Those are just examples of the things hiding under their beds and in their closets. The fear of change — whatever that means to the person doing the talking at any given moment — is in the air. That’s what happens when what used to be Election Day lasts two weeks: One day of uncertainty and anxiety has been stretched into many days.

The pols themselves have more at stake. They’re managing expectations from here to Nov. 6, when voting finally ends. They’re trying to build momentum if they have it, to turn it if they don’t.

That said, they also have more information than voters have. They know, day by day, who has voted and who hasn’t (the fact that you voted is a public record; the way that you voted is not). That tells them who still needs to be urged to vote and whom they can leave alone. It hints — loosely — at how things might be going so far: how many of the voters are first-timers; how many of them usually only vote in presidential years; how many voted in the Democratic and Republican primaries in this and other years.

On that last point, Republican consultant Derek Ryan looked at the first day’s voting in the state’s largest counties and found 36.1 percent of the votes were cast by Republican primary voters; 33.8 percent were cast by Democratic primary voters. People with no previous voting history made up 6.4 percent of that one-day vote.

But the data don’t show the pros how many people voted straight tickets — pulling the lever for all of the Democrats or all of the Republicans. It doesn’t tell them how many of us voted in one race and stopped there, how many voted all the way to the end of the ballot (Harris County’s prints out to three three-column pages in tiny type).

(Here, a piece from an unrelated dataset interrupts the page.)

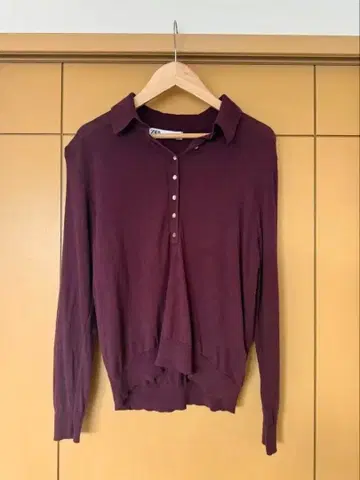 [ ZARA ] 와인 레드 니트 셔츠 긴팔 버튼 포함 퍼플
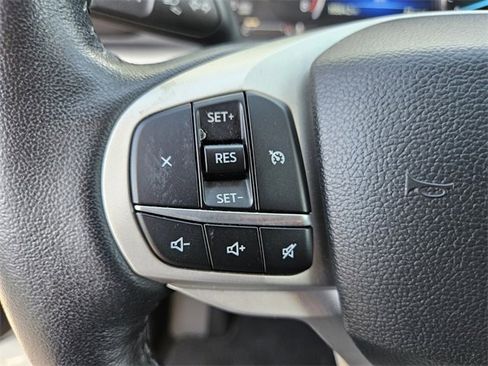Used 2023 Ford Explorer XLT image 26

Certainty, if there is any to be had, belongs to the big dogs at the top of the ballot. Those candidates drive public interest — just look at this year’s U.S. Senate race, or the presidential race two years ago, or the race for governor two years before that.

It is those other items — on the bulleted list above and items like those not mentioned here — that keep the campaigns anxious.

The first day of early voting bloomed, with some of the state’s biggest counties reporting huge turnouts. It’s too early to know whether that means more people will vote or whether people who would have voted later in past elections decided this time to vote on Monday and get it over with.

Either answer could make a candidate nervous.

President Trump has had a pretty good batting average on his political visits to places where Republicans are in trouble. Was his Monday stop in Houston a boon to Republicans or a burden?

Something to fret over.

How does the latest immigration story play out? The government’s separations of minors from their families earlier this year split Republican voters; Trump quickly rescinded the orders for zero-tolerance enforcement at the border. Does the northbound caravan — and its timing — play into voters’ decisions this year? And for which side?

That could keep a political consultant awake at night.

Here’s a big one: Are voters going to act the way they usually act? Will the number of voters swell, drop or stay about where it’s been? Are they mad? Who are they happy with? Have demographics changed? Is there a blue wave or a red seawall or some of each?

That’s why they’re worried: Their jobs depend on it.